# Bear Got His CGN!



## TorachiKatashi (Sep 29, 2010)

I didn't want to mention it until after the test just in case things didn't go well, but I should have had more faith in him!

Last Saturday and Sunday we did a CGN workshop. He had issues with the Appearance & Grooming (didn't like being brushed, growled and jumped away) Reaction to a Passing Dog (wanted to go sniff the other dog,) and of course with the Supervised Isolation (cried the entire three minutes.)

We worked hard on it the whole week, and he did great! He had no problem with the brushing at all. He did try to sniff the passing dog, but he came right back and sat at my side when I called him. And he didn't make a single peep during the Isolation, was totally relaxed. The judge couldn't get over how big a difference it was from last week.

I was trying to go into this with the mindset of, "Who cares if we pass, we're just doing it for fun for my retired old fella," but man does it feel good.

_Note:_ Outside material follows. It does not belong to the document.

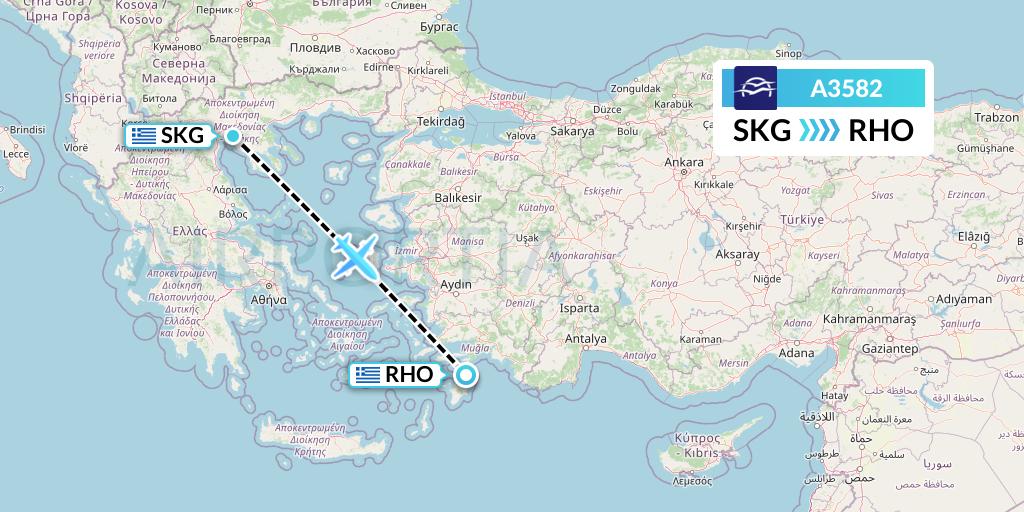 A3582 Aegean Airlines Flight Map: Thessaloniki to Rhodes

Now I just have to get Mozart ready to take the test in February!


----------



## Salina (Sep 2, 2012)

congratulations!!! 

i'm working towards it too...


----------



## luv2byte (Oct 21, 2009)

I totally understand the pride & excitement, way to go!


----------



## Sibe (Nov 21, 2010)

Congrats!!!


----------



## Losech (Apr 5, 2011)

Awesome! My Shiba just passed the CGC the other day. It's really been a lot of work for us, he was a huge project and still kinda is in a couple areas, so him earning the CGC is a really huge milestone in his progress.


----------



## Abbylynn (Jul 7, 2011)

Congratulations!


----------